Like any successful businessman, Stuart can look back and pick out both decisions he feels he got really right, and some he would redo if he had the chance.
“I suppose the biggest one I got right was, given where I am now and what I do, is accepting the role with Ray. I had always admired the way Ray went about his business and at the time I was talking to him, there was another employment opportunity coming my way. I decided to go with Ray and looking back, that would be one of the best decisions I have ever made.
“On the other side of things, there is many, and to be honest, I think if anyone says they can’t look back and see how they could have done things better, they are either ignorant or they’re lying. We are human and we do make mistakes.
“There’s not one single thing that stands out where I go, ‘I stuffed that up,’ but there’s been a variety of business and personnel related issues where I look back and go, ‘I could have handled that better. I could have made a better choice.’
“But it’s no good looking back. Provided you learn from it of course – you have always got to learn from your mistakes, accept that other people make mistakes and just move forward. But yes, I’ve made some clangers in poor appointments or poor business decisions, but that’s somewhat inevitable if you’re willing to throw the bat and take a risk. Look back only enough to learn from the mistake, then go full steam ahead and don’t make it a second time.”

Away from the office, Stuart likes to spend time with his family and says he is hoping to find more time for hobbies in the future.
“I don’t do enough (hobbies) – ask my wife and she’ll tell you that. I mean, there’s no doubt that in roles such as mine, it’s not a nine to five, it’s not a 40- or 50-hour week job. Past times outside of work are minimal, but I enjoy tinkering around the shed. I don’t have a hobby car, but I do like just getting out, mucking around the shed, finding time to do whatever it is around the house,” Stuart said.
“It’s a cliché, but I love spending time with the family. I’ve got grown up kids, a 21-year-old daughter and 18-year-old son. Their interests have grown into their own world and my wife and I love being part of those.
“I’m also a passionate follower of the Australian Supercars – not withstanding the fact that we now sponsor one!” he smiled. “I’ve followed them all my life from the Dick Johnson and Peter Brock days, right through to now. I also love my Collingwood Football Club and I love helping out my son with his local footy team.
“Family’s everything to me. It’s the way I was brought up, the way my wife was brought up. Christmas is one of our highlights of the year, but it’s not because we get gifts. It’s because we’re all together.

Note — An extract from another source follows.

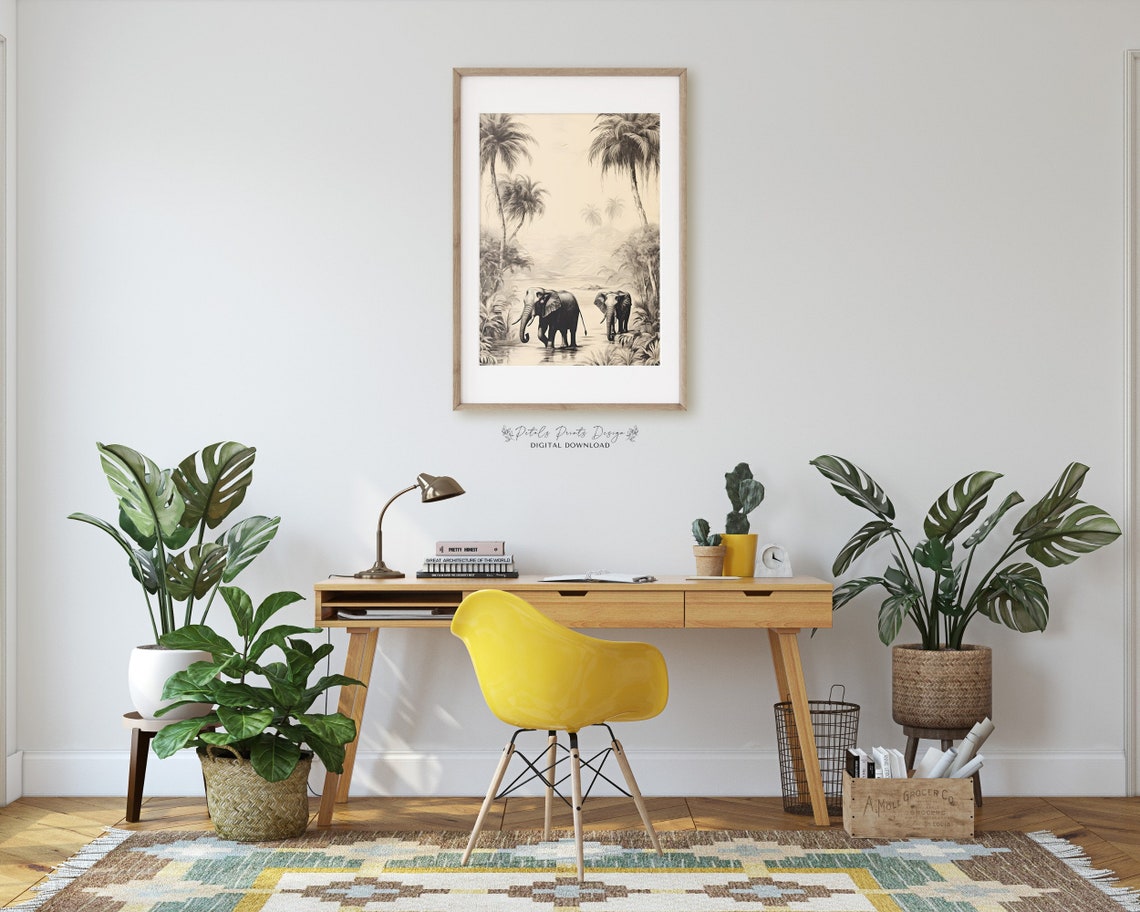 Elephants Walking in Water Monochrome Jungle Palms Wildlife Poster - Image 2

“Family’s number one and without a question, it’s our biggest priority. But further to that, it’s one of the fundamental tenants of R&J Batteries.
“I’m not here to plug R&J, but we’re a privately owned company owned by Ray and Rhonda Robson. And we have the luxury, if you like, of being a family owned business. We can make decisions at a variety of levels that promote the wellbeing of families.
“And most businesses will say staff are important but very few have the luxury of being able to make a decision in a family orientated way.
“Unfortunately, bigger businesses sometimes have board shareholders, stakeholders and so on that would look more towards the dollar. Whereas I have the good fortune of working for a genuinely family owned business that holds those values.
“It’s very important to me and It’s very important to Ray and that’s reflected throughout the business.”